Haley has set up a budget task force to report to her in January, but she's already placed a few items on the chopping block. They range from the symbolic--"We will have a bright and very hard-working staff, but we’ll all be answering our own phones; we won’t have a state house photographer, we’ll use students from the university"--to the substantive: "I want to privatize the entire bus system. Half of the Department of Education is mechanics. I want to get rid of that. I want to go into every part of government and say, 'What can the private sector be doing and what does the government not need to be doing?'"

Haley's to-do list also includes a number of business reforms--“workers comp reform, tort reform, making sure we eliminate the corporate income tax”--as well as good government reforms, such as term limits, spending caps, reporting all spending online, and making voting on-the-record permanent law--a cause she championed in the state legislature.

One of GOP's newest and youngest stars, the 38-year-old Haley singled out three other Republicans as model governors. "Chris Christie—what a rockstar," said Haley, who praised Christie's decision to say no to a 2012 presidential bid and focus on his current job. "Look at Bobby Jindal and what he’s done with transparency in Louisiana,” Haley said. "Look at Texas," she added. "They’ve got neurosurgeons and OB-GYNs flocking to their state with their tort reform."

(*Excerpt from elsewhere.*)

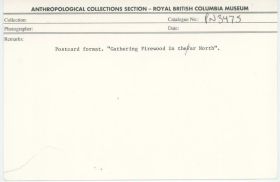 Image representing photograph.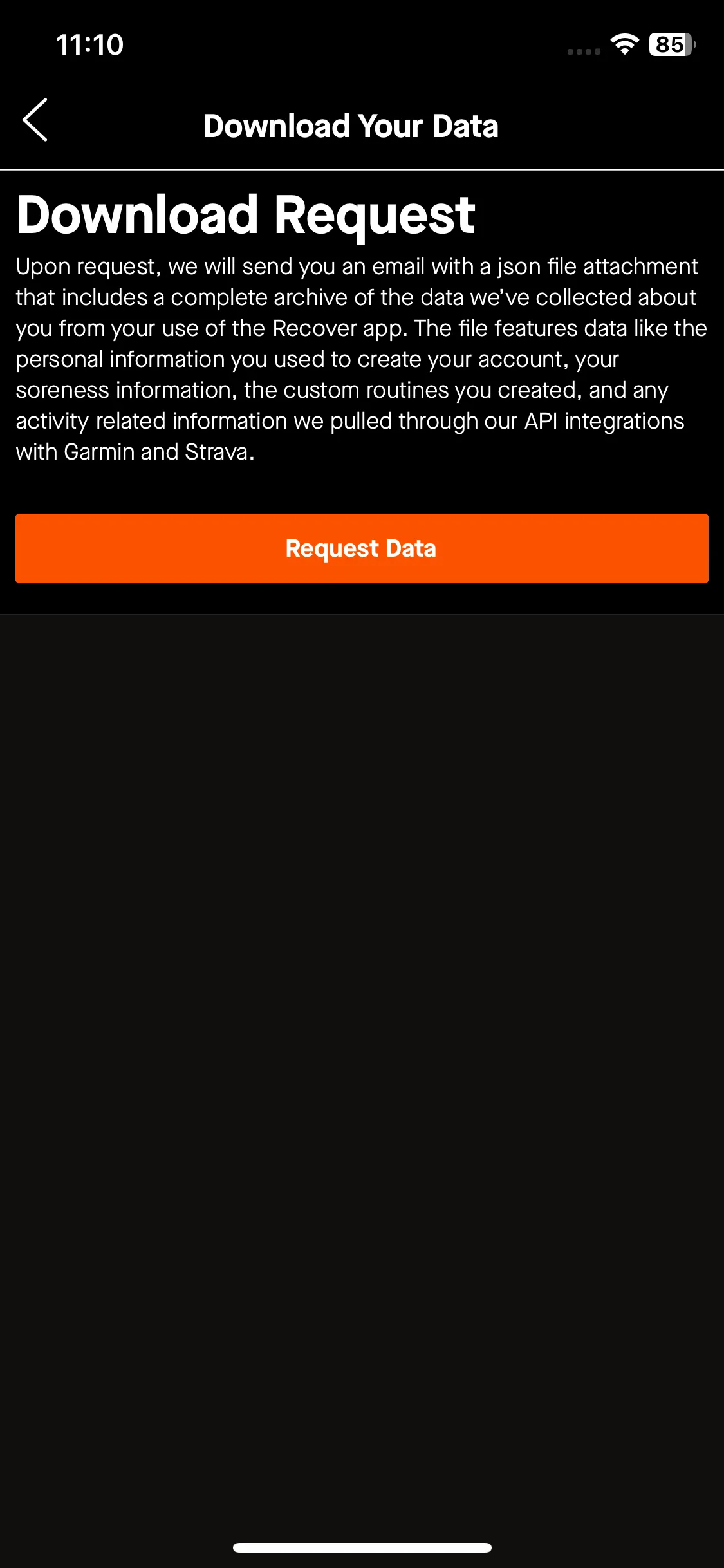 Test Image 3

Looking ahead to 2012, Haley said she will "absolutely" endorse a candidate before South Carolina's important early presidential primary. Though she says she will endorse the Republican who can "best lead our country," potential contenders Mitt Romney and Sarah Palin could benefit from their primary endorsements of Haley. "I have to say, regardless of where you stand on Governor Palin, she has taught people the power of her voice," said Haley. "I was absolutely grateful to her. I was grateful to Mitt Romney, who also came in prior to her and took a chance."